MAESTRO: Task-Relevant Optimization via Adaptive Feature Enhancement and Suppression for Multi-task 3D Perception¶
Conference: ICCV 2025 arXiv: 2509.17462 Code: To be released Area: Autonomous Driving Keywords: Multi-task Learning, 3D Perception, BEV Segmentation, 3D Object Detection, Occupancy Prediction
TL;DR¶
This paper proposes the MAESTRO framework, which generates task-specific features and suppresses inter-task interference in multi-task 3D perception through three modules: Class-wise Prototype Generator (CPG), Task-Specific Feature Generator (TSFG), and Scene Prototype Aggregator (SPA). MAESTRO simultaneously surpasses single-task models on 3D object detection, BEV map segmentation, and 3D occupancy prediction.
Background & Motivation¶
Autonomous driving perception systems must simultaneously execute multiple tasks: 3D object detection focuses on movable foreground objects, BEV map segmentation focuses on static background structures, and 3D occupancy prediction requires attention to both foreground and background. Multi-task learning (MTL) can improve computational efficiency via a shared backbone, but inconsistent gradient directions across tasks lead to task conflicts that degrade per-task performance.

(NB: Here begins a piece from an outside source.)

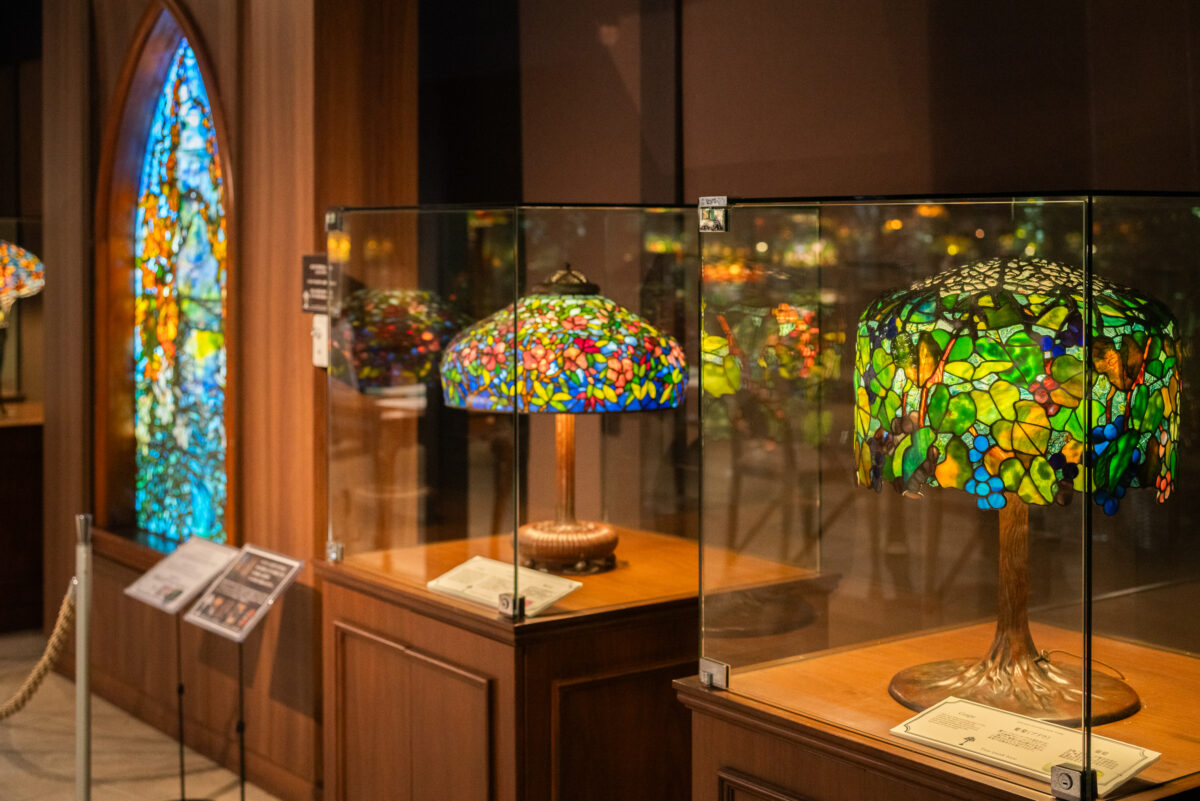 ルイス・C・ティファニー ヴィンテージ ステンドグラス 縦長型 藤の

Existing MTL methods partially alleviate these conflicts but still fail to generate truly task-specific feature representations, leaving performance below independently trained single-task models. The authors identify fundamental differences in the semantic cues and spatial regions attended to by different tasks, motivating a mechanism that enhances task-relevant information and suppresses irrelevant information from shared features.
Method¶
Overall Architecture¶
MAESTRO first extracts 2D features from multi-view images via a shared backbone, then lifts them to a 3D voxel representation \(F_s \in \mathbb{R}^{C \times X \times Y \times Z}\) using the Lift-Splat-Shoot (LSS) method. The features are subsequently processed by CPG, TSFG, and SPA in sequence to generate task-specific features, which are then forwarded to individual task heads for prediction.
Key Designs¶
-
Class-wise Prototype Generator (CPG): Semantic categories are partitioned into a foreground group (vehicles, pedestrians, etc.) and a background group (roads, sidewalks, etc.). A lightweight mask classifier computes per-voxel semantic confidence \(S_v\) from the shared voxel features, generates binary masks \(B_k\) based on the highest-confidence class, and applies average pooling over masked regions to obtain class prototypes \(P_k\). Foreground prototypes are assigned to the detection task, background prototypes to BEV segmentation, and both are jointly assigned to occupancy prediction. The core formula is \(P_k = \text{AvgPool}(F_s \otimes B_k)\). Design Motivation: Semantic grouping provides targeted prior information for each task.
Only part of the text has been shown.